The National Infrastructure Assessment (NIA) makes simple and clear recommendations about the Compulsory Purchase regime available to local authorities for the delivery of infrastructure. It acknowledges the need to strengthen compulsory purchase powers. The current regime is described as "costly, time consuming and uncertain". As has been advocated by the Compulsory Purchase Association, a move to an assessment of valuation earlier in the process, is suggested. The National Infrastructure Commission (NIC) suggests that such a process could "save money and provide more certainty for the parties involved". The NIC suggest that building in the US appraisal style approach to compulsory acquisition could be achieved by 2021.

Would this work?

Earlier discussion on value is standard in the United States where right of way acquisition processes commence with appraisals of land value being carried out, either on a joint basis, or with the acquiring body and landowner receiving their own appraisal reports. As a result the use of condemnation (the compulsory taking of land) is relatively rare when compared with the UK. In the UK the suggestion of a CPO being a "last resort" can in practice easily be circumvented by acquiring authorities. The uncertainty and apparent (or actual) unfairness that results would be reduced if a requirement for engagement on value is required by statute or at least strengthened Guidance that is enforced by the Secretary of State. If nothing else it would manage expectations and allow for more realistic planning for relocation. Indeed, NIC could also consider recommending that the process would be further strengthened if the US principle of not allowing land to be taken until compensation actually has been paid is also adopted. The Government has made moves in recent reforms to make the principle of advance payments better reflect the role their name suggests.

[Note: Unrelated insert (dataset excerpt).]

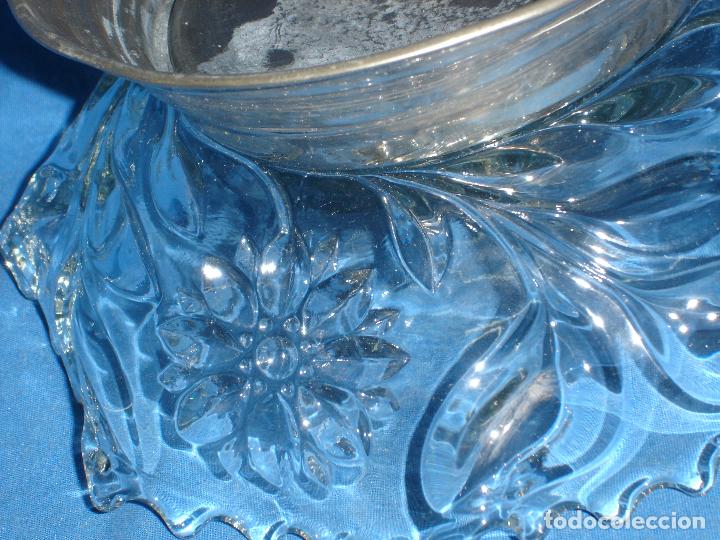 Antig&uuml;edades: ANTIGUO GRAN CENTRO DE MESA DE CRISTAL Y BASE DE METAL?? - Foto 2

That is payment in advance of compulsory purchase powers being exercised, but it still remains at the discretion of the acquiring authority and the advance payment is set at the acquiring authority's assessment.  This makes relocation impossible in many cases for smaller businesses. 

In addition requiring compensation payments to be made earlier and with adjustment to the current rates of interest to a more commercial basis would make the process fairer for all parties. It would however be potentially more expensive for those assembling land at least in the short term. The Government has not yet brought into force the statutory interest regime. These steps may at first seem contrary to swift and economic infrastructure provision. But in reality placing the burden on promoters would reduce uncertainty, unfairness and objection and make for a more efficient process overall. That is a more equitable and appropriate balance between the competing interests. 

Land Value Capture

Allied to compulsory purchase is of course land value capture. The NIC recommends that local authorities should be entitled to recover increase in land value following the infrastructure provision. This could be by way of levying zonal precepts on Council Tax where infrastructure investment drives up property values. But the NIC indicates that land value capture is "not the silver bullet for funding local infrastructure". Instead it suggests largely leaving alone the existing section 106 regime and CIL processes. One significant, long overdue (and very welcome) suggestion made is to remove the current restriction on pooling of section 106 contributions. This restriction, imposed really only to try to compel authorities to embrace CIL, has no practical purpose and now largely operates to inhibit developer contributions to local infrastructure. A greater level of reform is resisted by NIC on the basis that it would "lead to costs and delays in the short term". No mention is made of suppressing market value for compensation following compulsory purchase as a means of value capture.  Indeed, no reference is made to the recent changes to the Compensation Code to reflect the disregard of land value increases as a result of recent infrastructure provision when land is taken for subsequent compulsory purchases, provided for in the Neighbourhood Planning Act 2017.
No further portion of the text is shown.